(Crawled caption data)
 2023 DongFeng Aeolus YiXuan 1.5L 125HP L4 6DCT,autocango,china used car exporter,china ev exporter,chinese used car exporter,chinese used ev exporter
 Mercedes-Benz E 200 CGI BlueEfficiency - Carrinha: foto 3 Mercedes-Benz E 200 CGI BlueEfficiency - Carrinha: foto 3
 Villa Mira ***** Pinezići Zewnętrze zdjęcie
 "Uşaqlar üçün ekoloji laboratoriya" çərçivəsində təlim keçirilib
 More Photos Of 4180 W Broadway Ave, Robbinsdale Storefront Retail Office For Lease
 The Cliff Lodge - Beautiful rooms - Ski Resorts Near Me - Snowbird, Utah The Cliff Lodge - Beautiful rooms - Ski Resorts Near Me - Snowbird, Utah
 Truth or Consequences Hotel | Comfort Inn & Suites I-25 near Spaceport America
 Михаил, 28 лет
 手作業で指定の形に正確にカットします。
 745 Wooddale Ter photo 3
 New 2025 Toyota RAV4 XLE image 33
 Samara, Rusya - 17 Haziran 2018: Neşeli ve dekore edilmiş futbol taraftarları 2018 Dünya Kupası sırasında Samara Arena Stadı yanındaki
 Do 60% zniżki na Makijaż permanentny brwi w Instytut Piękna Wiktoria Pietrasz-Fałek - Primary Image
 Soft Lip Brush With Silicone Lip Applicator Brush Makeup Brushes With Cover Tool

Your task:
Each record above is to be printed again exactly as written.

Answer to this problem:
 2023 DongFeng Aeolus YiXuan 1.5L 125HP L4 6DCT,autocango,china used car exporter,china ev exporter,chinese used car exporter,chinese used ev exporter
 Mercedes-Benz E 200 CGI BlueEfficiency - Carrinha: foto 3 Mercedes-Benz E 200 CGI BlueEfficiency - Carrinha: foto 3
 Villa Mira ***** Pinezići Zewnętrze zdjęcie
 "Uşaqlar üçün ekoloji laboratoriya" çərçivəsində təlim keçirilib
 More Photos Of 4180 W Broadway Ave, Robbinsdale Storefront Retail Office For Lease
 The Cliff Lodge - Beautiful rooms - Ski Resorts Near Me - Snowbird, Utah The Cliff Lodge - Beautiful rooms - Ski Resorts Near Me - Snowbird, Utah
 Truth or Consequences Hotel | Comfort Inn & Suites I-25 near Spaceport America
 Михаил, 28 лет
 手作業で指定の形に正確にカットします。
 745 Wooddale Ter photo 3
 New 2025 Toyota RAV4 XLE image 33
 Samara, Rusya - 17 Haziran 2018: Neşeli ve dekore edilmiş futbol taraftarları 2018 Dünya Kupası sırasında Samara Arena Stadı yanındaki
 Do 60% zniżki na Makijaż permanentny brwi w Instytut Piękna Wiktoria Pietrasz-Fałek - Primary Image
 Soft Lip Brush With Silicone Lip Applicator Brush Makeup Brushes With Cover Tool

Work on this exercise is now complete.